Li & Fung Acquires Homestead
November 27, 2006,
Li & Fung USA's newly acquired Homestead fashion bedding division will debut Royal Velvet and Cannon bedding lines during this February's market week, according to David Greenstein, who now heads the division. Most of the division's assets were bought out of bankruptcy last week.
Royal Velvet and Cannon will join Homestead's "microbrands," which along with its private label and hospitality businesses form the core of Homestead's top line. Homestead is on track to generate volume of about $50 million this fiscal year, Greenstein said.
Greenstein has lusted after the former Pillowtex brands for years and was part of a group that unsuccessfully bid for Royal Velvet, Cannon, Fieldcrest, and Charisma in Pillowtex's own Section 363 bankruptcy action in 2003. The winning bid of $120 million, more than double that original stalking horse bid, went to GGST, LLC, a consortium of private equity interests that then became Official Pillowtex LLC. Royal Velvet and Cannon were then licensed to Li & Fung.
The irony that he will now manage those brands has not been lost on Greenstein.
"I think it's good.
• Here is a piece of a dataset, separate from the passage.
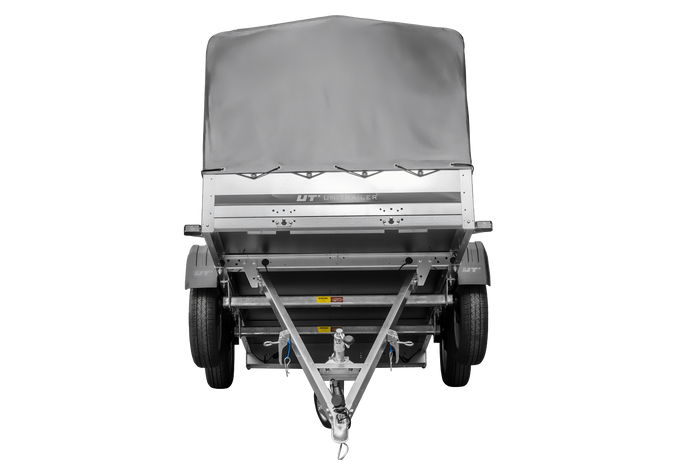 REMORQUE DOUBLE ESSIEUX UNITRAILER 264/2 KIPP AVEC ROUE JOCKEY, ARCEAU ET bâche GRISE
It's an interesting confluence of abilities," he said of the acquisition. "They've got certain skill sets and we have certain skill sets and I think [the combination] could be amazing. And the market certainly needs some new leadership."
Li & Fung made an initial payment of $8.9 million — 70% of the total price, which is north of $12 million — during the Homestead sale closing, which came after a scheduled Section 363 auction was ratified by a federal bankruptcy judge here.
The auction itself never actually occurred, Greenstein said, but represented the result of negotiations "on the steps of the court" between stalking horse Li & Fung and Homestead's largest secured creditor, DDJ Capital Management, which had threatened to compete in the auction by credit bidding. Most of the payments in the transactions will be made directly to DDJ, according to court documents, with other creditors — including the unsecureds — variously accounted for in the purchase agreement.
"Maybe I expected a little more interest in Homestead from third parties," Greenstein opined. "But I think people realized that this model needs a lot of working capital. So I was surprised there weren't more active bidders."
"In this industry, everyone is a seller" and there are very few buyers, he added.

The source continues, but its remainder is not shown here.